That distinction matters. Legacy OOH sold you potential exposure but pay-per-play removes the guesswork entirely. You see exactly how many times your creative ran. Nothing more, nothing less.
That transparency aligns directly with how performance marketing budgets already work. Digital marketers expect verified delivery as a baseline. Pay-per-play brings that same accountability to physical screens making DOOH a far easier sell internally. And once the buying layer gets automated, the model scales fast.
Point of Interest (POI) Targeting
POI targeting activates screens near specific high-intent locations. It goes beyond simple geotargeting by layering behavioral context on top of geography.
Where geotargeting says “show my ad in this zip code,” POI targeting says “show my ad on screens within 500 meters of every competitor location in this city.” That precision ensures your message reaches people in a relevant behavioral context, for example someone walking past a gym is more receptive to a fitness brand than someone in a random residential corridor. POI targeting turns proximity into a closing argument.
Private Marketplace (PMP)
A private marketplace is an invitation-only auction where select advertisers bid on premium inventory before it hits the open exchange. PMPs offer brand safety and priority access at higher CPMs, balancing exclusivity with programmatic efficiency.
For advertisers running sensitive brand campaigns or targeting premium screen locations, PMPs guarantee access to inventory that may never appear on the open market. The trade-off is cost: PMP CPMs run higher than open exchange rates, but the placement quality and brand adjacency justify the premium for the right campaign.
Programmatic DOOH (pDOOH)
Programmatic DOOH (pDOOH) is the automated buying, selling, and delivery of digital out-of-home advertising through software platforms, without manual insertion orders or direct sales negotiations.
Real-Time Bidding (RTB)
Real-time bidding is the auction process where ad impressions are bought and sold in milliseconds as a screen becomes available. When a slot opens, the SSP broadcasts a bid request carrying contextual data — location, time, traffic volume, audience estimates. Your DSP evaluates the opportunity against your campaign parameters and submits a bid automatically. The highest bid wins and the creative renders on screen almost instantly.
RTB is what makes programmatic DOOH genuinely programmatic. Without it, you’re back to manual negotiations and fixed contracts. With it, every impression is individually evaluated and competitively priced based on real-time market conditions.
Share of Voice (SOV)
Share of Voice is the percentage of total ad slots on a given screen that your creative occupies over a set time period. If a screen runs a 60-second loop with six advertisers and you own two slots, your SOV is roughly 33%.

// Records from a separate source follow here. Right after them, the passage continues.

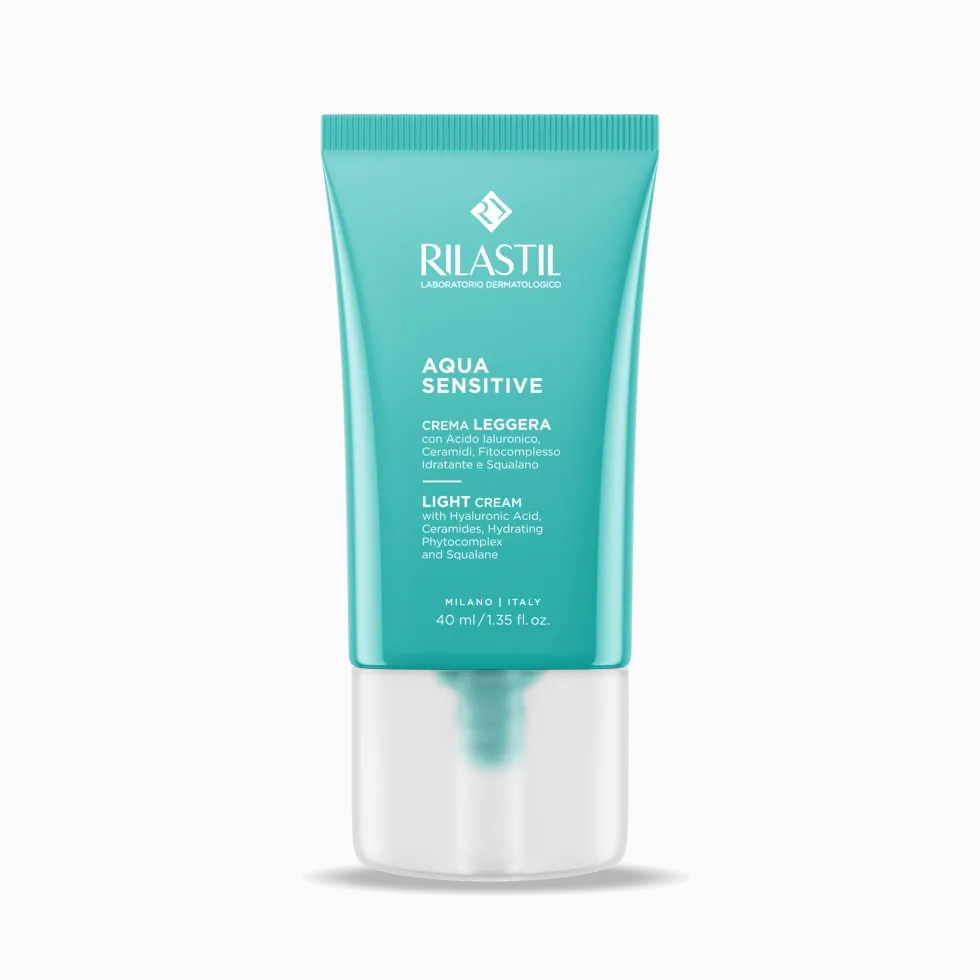 Rilastil Aqua Sensitive Crema Leggera - Crema viso idratante e lenitiva per pelle sensibile, 40 ml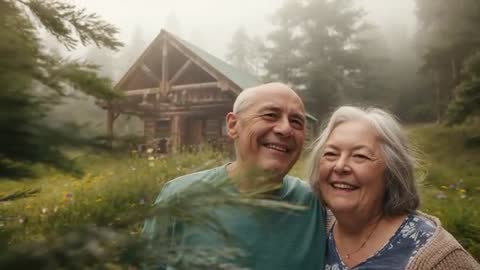 Moving camera revealing senior couple smiling in foggy forest meadow with rustic cabin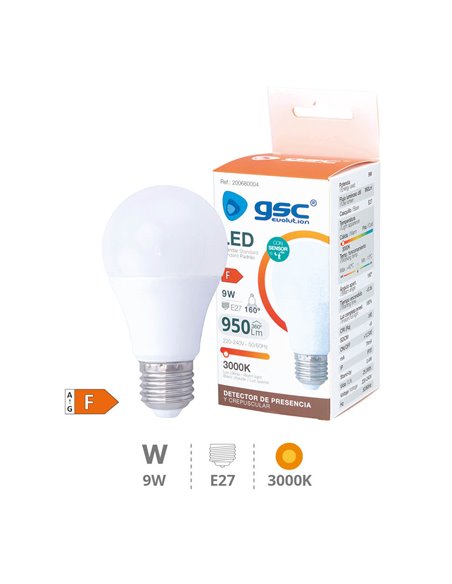 Lámpara LED estándar con sensor presencia + crepuscular 9W E27 3000K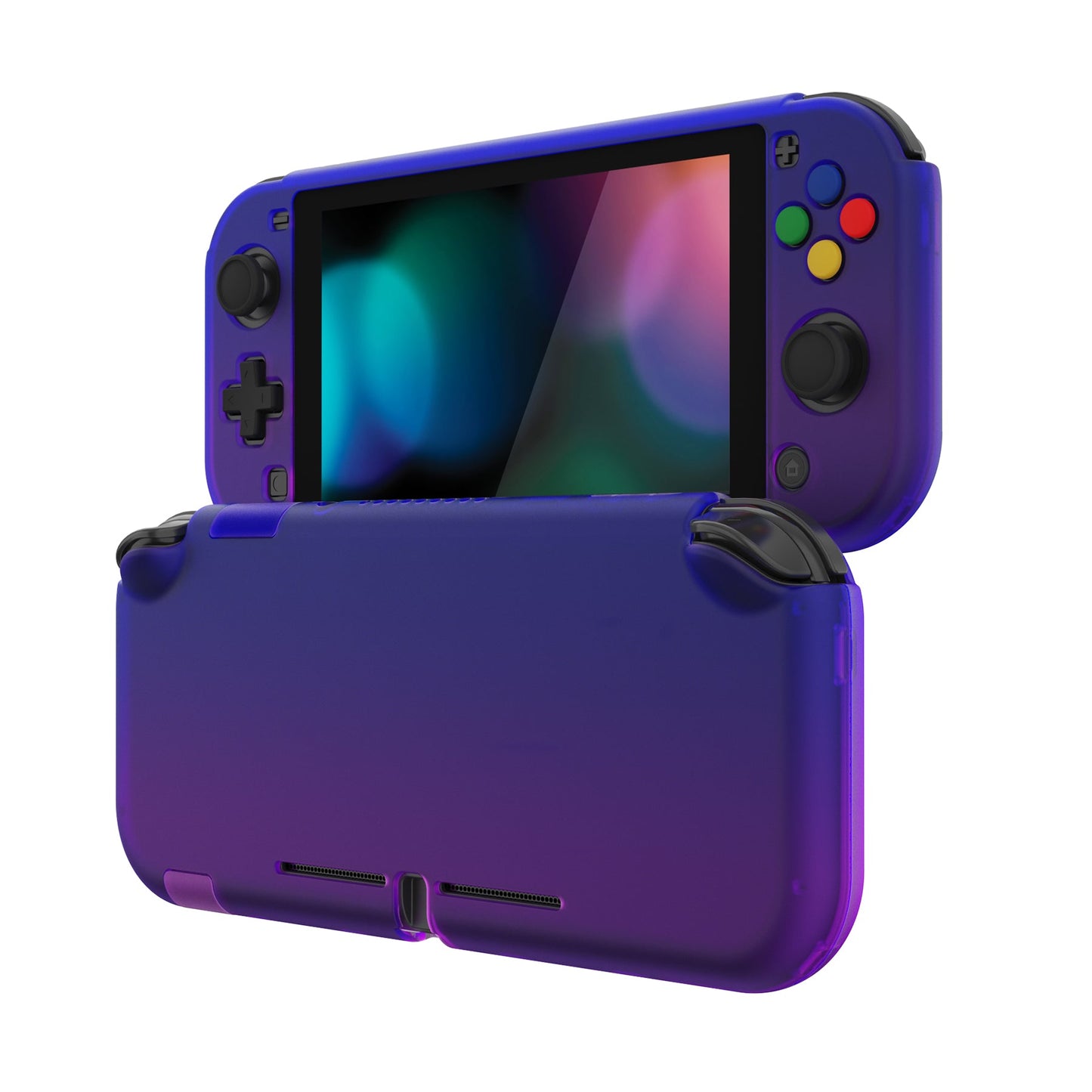 PlayVital Hard Shell Protective Case with Screen Protector & Thumb Grip Caps & Button Caps for Nintendo Switch Lite - Gradient Translucent Bluebell PlayVital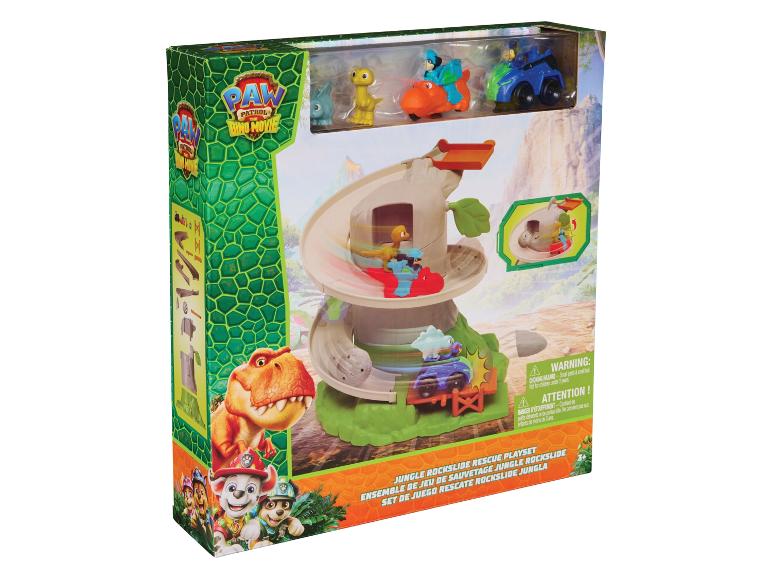 Jungle rotsglijbaan reddingsspeelset met dinosaurusfiguren en voertuigen.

In programmatic buys, SOV isn’t guaranteed the way it is in a direct buy where you might own 100% of a screen’s rotation. A higher CPM bid can increase your SOV, but you’re competing against other advertisers in real time. Understanding SOV helps you calculate effective frequency and determine whether a single screen is delivering enough exposure to justify the spend.
Supply-Side Platform (SSP)
An SSP is essentially software used by media owners (billboard operators, transit authorities, venue networks) to list, manage, and sell their digital screen inventory programmatically. Think of it as the seller’s control room.
SSPs aggregate inventory across hundreds or thousands of screens, making that supply discoverable to global advertisers without manual outreach. When a buyer triggers a campaign, the SSP feeds available impressions into an automated auction, bids clear in milliseconds, and the winning creative fires on-screen. The ecosystem flow: screen owner → SSP → auction → DSP → advertiser.
Viewability / Viewing Cone
The viewing cone is the physical area from which a screen’s content is realistically visible to a passerby. It accounts for angle, distance, obstructions, and sightline to determine who actually had the opportunity to see the ad.
Attribution models use the viewing cone to filter device IDs. A phone detected 200 meters away behind a building doesn’t count as an exposed device. Overextending the cone floods your attribution model with false positives and inflates your numbers. Tight, realistic viewing cone definitions keep your measurement honest and your CPM math accurate.
Key Takeaways
- Automation is the baseline: pDOOH moves outdoor advertising from manual spreadsheets to real-time auctions, drastically reducing lead times.
- Contextual power: using triggers like weather, traffic, and time-of-day ensures every impression is relevant and waste-free.
- Multiplier effect: unlike standard digital, one DOOH play reaches many people, making it a highly efficient top-of-funnel channel.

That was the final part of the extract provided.